A quick story from the trenches that might help someone else someday. My game was stuttering in a certain situation: a collision between two objects caused a great big particle explosion, the deallocation of several objects, and a little score number floating up like an angel out of the mess. I'm too lazy to learn how to use XCode's profiling tools, so I went with my assumption that it was because I was removing sprites from CCSpriteSheet (which the API says is slow). Thus, I wrote a wonderful caching system to recycle sprites and eagerly fired it up on my slowest test device. It still stuttered.
I began commenting out parts of the code and discovered the stutter went away when I removed a line creating a CCBitmapFontAtlas (the floating score). I guessed that creation of the CCBitmapFontAtlas was slow, so I tried recycling them, too, just doing a setString on existing ones when I knew what the specific score was for the collision event. Nope, still stuttered. I tried backporting r1742 (use ccHashSet) to my code. Nope. Removed color-cycling. Nope. Warmed up the cache by creating a few "0123456789" strings. Nope. Finally I tried CCLabel, which I'd thought was totally evil from reading the documentation and this forum. What do you know: it worked!

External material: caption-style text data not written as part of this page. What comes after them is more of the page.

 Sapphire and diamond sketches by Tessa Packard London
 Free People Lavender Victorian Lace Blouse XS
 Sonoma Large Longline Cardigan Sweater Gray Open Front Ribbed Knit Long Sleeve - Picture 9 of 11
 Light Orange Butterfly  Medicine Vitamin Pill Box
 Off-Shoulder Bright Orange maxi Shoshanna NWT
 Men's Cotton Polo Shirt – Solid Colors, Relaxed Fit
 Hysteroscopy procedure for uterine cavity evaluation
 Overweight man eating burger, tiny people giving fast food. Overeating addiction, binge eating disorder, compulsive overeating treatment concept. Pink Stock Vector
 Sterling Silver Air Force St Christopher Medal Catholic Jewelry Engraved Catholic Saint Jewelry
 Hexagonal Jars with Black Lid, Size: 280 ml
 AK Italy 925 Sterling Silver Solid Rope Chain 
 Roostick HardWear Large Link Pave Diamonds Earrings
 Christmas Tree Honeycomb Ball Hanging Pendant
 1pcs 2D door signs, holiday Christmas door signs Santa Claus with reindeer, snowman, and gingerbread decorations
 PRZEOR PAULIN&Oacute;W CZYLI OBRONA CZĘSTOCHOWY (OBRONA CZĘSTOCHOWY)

I'm totally speculating here, but it seems like CCLabel might be slow in a CPU-consumption sense, but CCBitmapFontAtlas might be doing something bad at another level (OpenGL? Texture cache? Flux capacitor?). It consistently sucks up around 100msec in my game on my iPhone 2G.
So the moral of my story is (1) learn how to use the profiler so you don't waste time optimizing the wrong things, or at least test theories by narrowing down the suspect code, and (2) sometimes CCLabel is better than CCBitmapFontAtlas.
This might be obvious to some of you, and if so, I'd appreciate hearing more details.